500 Years of Human Calculation: Art, Culture and AI
From geometry to generative AI, this extraordinary artwork shows how 500 years of logic, power, and algorithms shaped our world.
At the MAAT in Lisbon, and earlier at MoMA in New York, I stood before Calculating Empires, the monumental research-visualisation by Kate Crawford and Vladan Joler.
It is not simply an artwork. It is a vast map of how knowledge, algorithms, and power have intertwined across five centuries to create the technological and political systems we live with today.
Image: Credits Boghossian Foundation © Patrick Toomey Neri
The work is at once art, history, and critique: it shows how today’s artificial intelligence is not a sudden miracle of code, but the result of centuries of mathematics, classification, communication, and control.
Image: Credits Boghossian Foundation | ‘Calculating Empires’, Fondazione Prada, Milan, 2023-24 © Piercarlo Quecchia
The Long Genealogy of AI
The left side of the diagram begins in the 1500s with the development of Cartesian geometry, games of chance, and probability – the seeds of reasoning about uncertainty.
The 19th century introduced statistics, Gaussian distributions, and Boolean logic, laying the groundwork for the mathematics that would later become the foundations of computing.
The 20th century introduced information theory, Markov chains, and computation itself – the intellectual engines of the digital age.
And finally, the late 20th and 21st centuries saw the arrival of neural networks, machine learning, and generative AI – the technologies we now recognise as artificial intelligence.
Each advance is not isolated: it is part of a long continuum where science, empire, and industry shaped the trajectory of knowledge.
In detail: The Journey of Algorithms and Models
1500–1800: The Foundations
Games of chance and probability appeared when people studied gambling and uncertainty.
Cartesian geometry (1600s) provided a way to describe the world using numbers and shapes.
Calculus and classical mechanics (1700s) built robust tools to describe motion, change, and optimisation.
These ideas were mathematical “engines” for understanding the natural world.
1800–1900: Probability Meets Logic
Statistical inference helped people reason with incomplete information.
Gaussian distributions describe randomness and natural variation.

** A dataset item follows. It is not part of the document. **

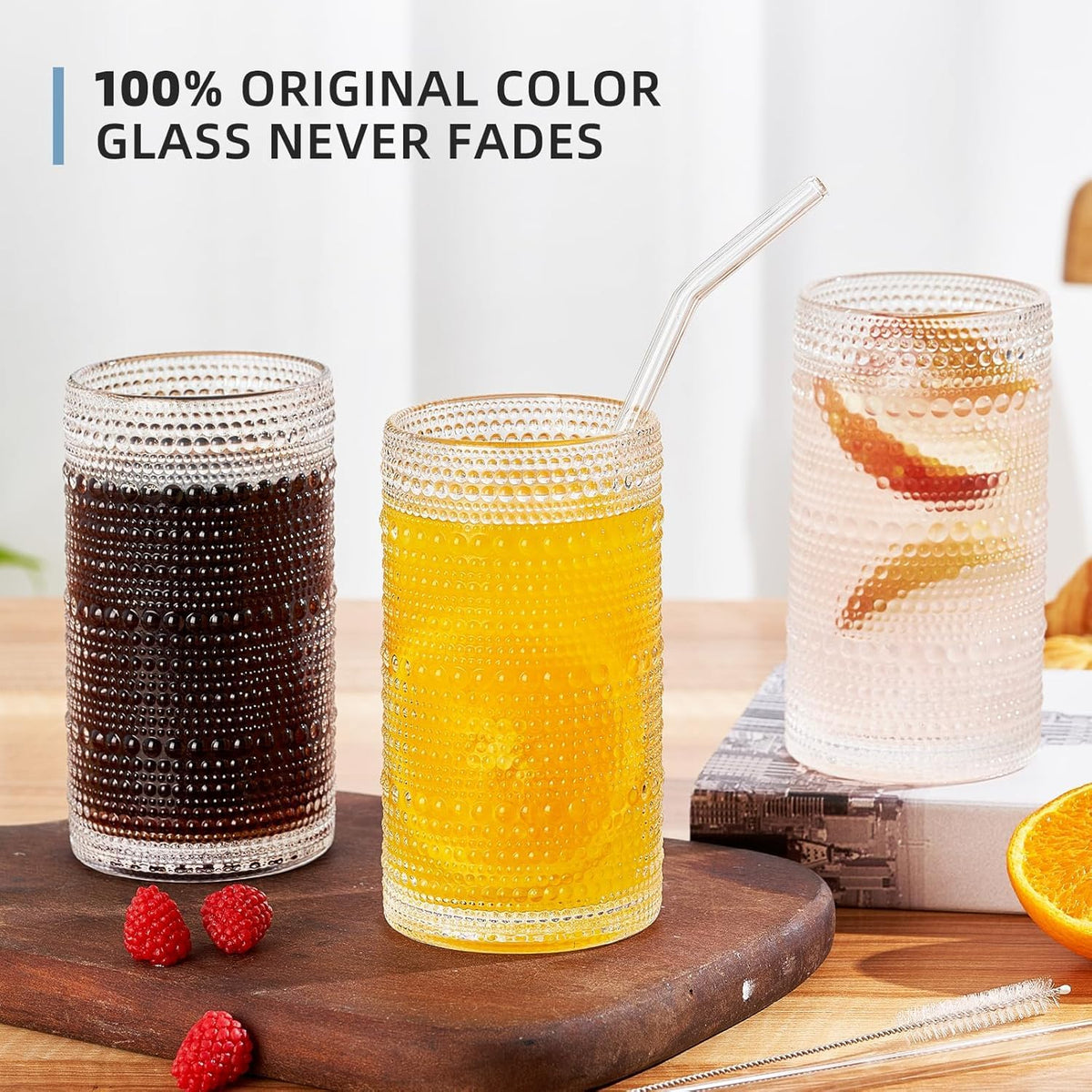 16oz Hobnail Drinking Glasses Set of 6, Vintage Large Capacity Embossed Clear Tumblers, Highball Glasses for Water, Cocktail, Beer, Whiskey, Juice & Bar Use (Clear)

Linear algebra and vector spaces became the language for solving equations.
At the same time, Boolean logic and binary arithmetic (0/1) prepared the ground for computers.
1900–1950: From Theory to Computation
Markov chains and correlation explained patterns over time.
Information theory (Shannon) described how to compress and transmit data.
The theory of computation (Turing, Gödel) defined what machines can and cannot calculate.
Early sorting, search, and optimisation algorithms appeared.
1950–2000: The Birth of AI
Neural networks were first imagined, though limited by hardware.
Expert systems and symbolic AI tried to encode human reasoning as rules.
Clustering, classification, and ranking algorithms powered search engines and databases.
Decision trees and Bayesian methods aided in forecasting and data-driven learning.
2000–Today: The AI Revolution
Machine learning has become mainstream, fueled by the increasing availability of data and computing power.
Deep learning and transformers (e.g., GPT, BERT) have revolutionised natural language processing and speech recognition.
Generative AI now creates text, images, and music—something once thought impossible for machines.
Forecasting, recommendation, and large-scale neural networks are part of everyday life.
The Big Picture
This chart shows a continuous evolution:
Mathematics gave us the language.
Logic and computation gave us the rules.
Statistics and probability provided us with tools for dealing with uncertainty.
Modern AI combines all of these to create systems that can learn, adapt, and even generate new ideas.
It’s not a sudden invention, but a 500-year journey of human knowledge, each discovery building on the last, leading to the intelligent technologies we use today.
Image: Credits Boghossian Foundation | ‘Calculating Empires’, Fondazione Prada, Milan, 2023-24 © Piercarlo Quecchia
Empire, Control, and Technology
Calculating Empires is about power. It demonstrates how the same tools that enabled progress – probability, statistics, and classification – were also employed in systems of control, ranging from colonial mapping and enclosure to eugenics, surveillance, prisons, borders, and militarisation.
The diagram reveals how empires calculate – and how our current AI systems, powered by vast data extraction and computational labour, echo those histories. This is the art’s most powerful point: AI is not neutral. It is built upon centuries of intertwined logics of knowledge and domination.
Image: Credits Calculating Empires
In an age where AI is often presented as a purely technical story of innovation, Calculating Empires reminds us that it is also a cultural and political story. It forces us to see that behind every algorithm is a history – and behind every model, a set of values and power structures.
Crawford and Joler invite us to look slowly and carefully across 500 years of diagrams and ideas, to realise that today’s AI is the child of empire, industry, and logic intertwined.
It is an extraordinary act of visual scholarship – a constellation of art, history, and critique – and a reminder that if we wish to imagine fairer futures, we must first reckon with the deep past of our machines.